Exercise instructions: Could you output each line below exactly as it appears, excluding any pictures?

Recorded information:
* * * * *

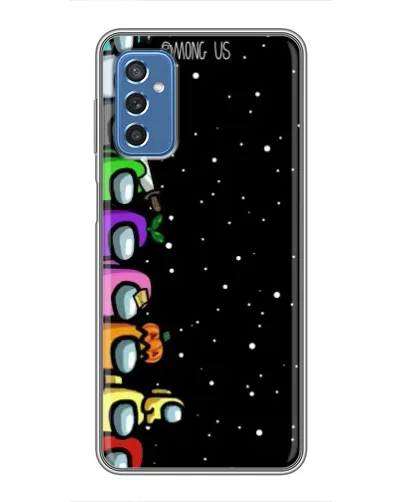 Чехол для Samsung Galaxy M52 5G (M526) с картинкой «Команда Among Us»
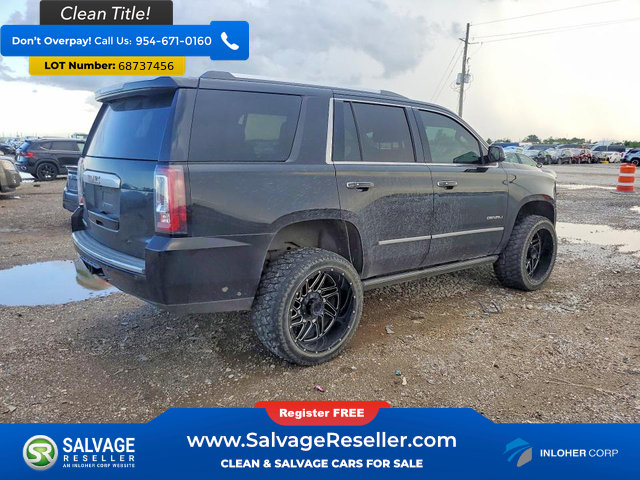 Used 2017 GMC Yukon Denali AWD/4WD image 4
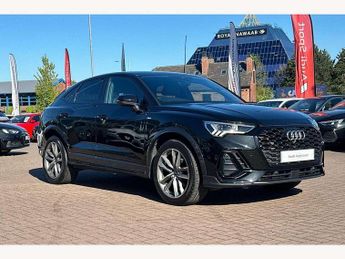 Audi Q3 35 TFSI Black Edition 5dr S Tronic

* * * * *

Task solution:
 Чехол для Samsung Galaxy M52 5G (M526) с картинкой «Команда Among Us»
 Used 2017 GMC Yukon Denali AWD/4WD image 4
 Audi Q3 35 TFSI Black Edition 5dr S Tronic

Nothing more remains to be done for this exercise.